Conjoncture. L’inflation décroche, mais pas le coût de la vie

Avec l’entrée dans un nouveau cycle de ralentissement de l’inflation, les taux d’intérêt réels redeviennent positifs. Les gros épargnants, les banques, les organismes de crédit-conso, les sociétés de gestion de placements, entre autres, et dans une moindre mesure, les détenteurs de revenus fixes, dont les salariés et les retraités, devraient bénéficier de cette détente des prix à la consommation. Mais pour de nombreux ménages, le coût de la vie, lui, continue de s’emballer malgré une inflation maîtrisée.

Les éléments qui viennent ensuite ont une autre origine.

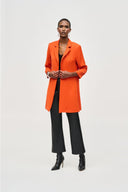 JOSEPH RIBKOFF CLASSIC LONG BLAZER STYLE 211361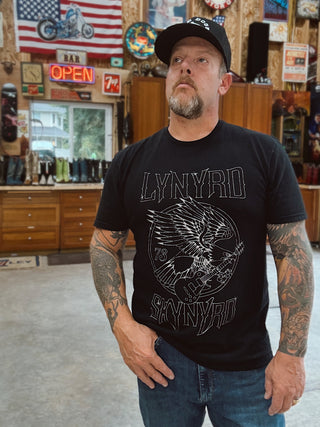 Lynyrd Skynrd 1973 T-Shirt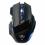   Nakatomi MOG-21U Gaming mouse - , 7  +  , USB, 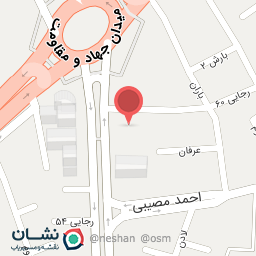 عکس دکوراسیون کاوالیر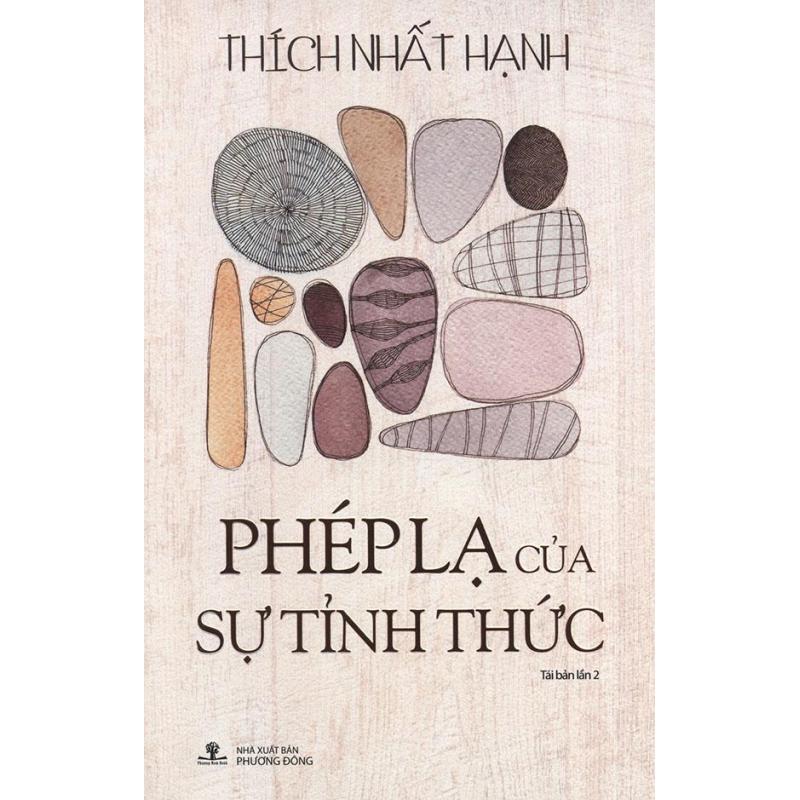 Mua Phép lạ của sự tỉnh thức - Thích Nhất Hạnh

Excepté l’alerte de 2022 (+6,6%), «le niveau d’inflation le plus élevé depuis 1992», selon Bank Al-Maghrib, l’inflation a connu une stabilité au point que cette modération soit prise pour un acquis par les ménages et les entreprises. Mais pas pour la Banque centrale dont la maîtrise de l’inflation reste la boussole de la politique. La deuxième moitié de la décennie 1990 a marqué le début de cette désinflation avec un indice des prix à la consommation (IPC) moyen de 1,6% sur la période 1996-2005. La remontée observée entre 2006 et 2008, due à la flambée des cours des matières premières, n’aura été que passagère avant un retour à un taux moyen «normal» de 1,1% à partir de 2009. Selon les prévisions de Bank Al-Maghrib, l’inflation s’établirait à 2,4% cette année avant de retomber à 1,8% en 2026, ce qui fait du Maroc un des meilleurs élèves en la matière.

L’IPC ne dit pas tout
L’accélération de la baisse de l’inflation résulte d’une détente plus rapide que prévu de celle des prix des produits alimentaires à prix volatils. Elle résulte aussi de la baisse des prix des carburants et lubrifiants, profitant d’un baril de pétrole bon marché, décryptent les autorités monétaires. Vis-à-vis de ses principaux partenaires commerciaux, le différentiel d’inflation favorable au Maroc devrait pousser le dirham à la hausse. Attention, l’indice des prix à la consommation (IPC) n’est pas un indice du coût de la vie, tempèrent les économistes du HCP. Une inflation basse ne signifie pas forcément que les ménages se soient enrichis, car les deux baromètres ne renseignent pas sur la même chose. L’indice des prix à la consommation mesure les effets des variations sur le prix d’achat des produits consommés par les ménages tandis que l’indice du coût de la vie mesure les variations des coûts d’achat pour maintenir le niveau de vie des ménages à un niveau spécifié. Sur le papier, le ralentissement de l’inflation devrait se traduire par un petit gain sur le pouvoir d’achat des ménages même si le ressenti dépend de la structure des dépenses dans le budget. Un ménage qui consacre 40% de son revenu à l’alimentaire par exemple, n’aura pas le même ressenti de l’inflation que celui qui n’y consacre que moins de 10%. L’inflation telle que mesurée par le Haut-commissariat au plan (HCP) agglomère des situations très différentes. Ce qui compte pour le ménage lambda, c’est moins l’indicateur statistique que l’érosion de son pouvoir d’achat constatée au quotidien, car malgré la désinflation, la pression des dépenses contraintes (charges fixes) reste élevée. Ces dépenses regroupent, entre autres, le logement, l’eau et l’électricité, le téléphone, la connexion Internet, l’aide familiale, les remboursements d’emprunts, et pour une partie des classes moyennes, les frais de scolarité des enfants.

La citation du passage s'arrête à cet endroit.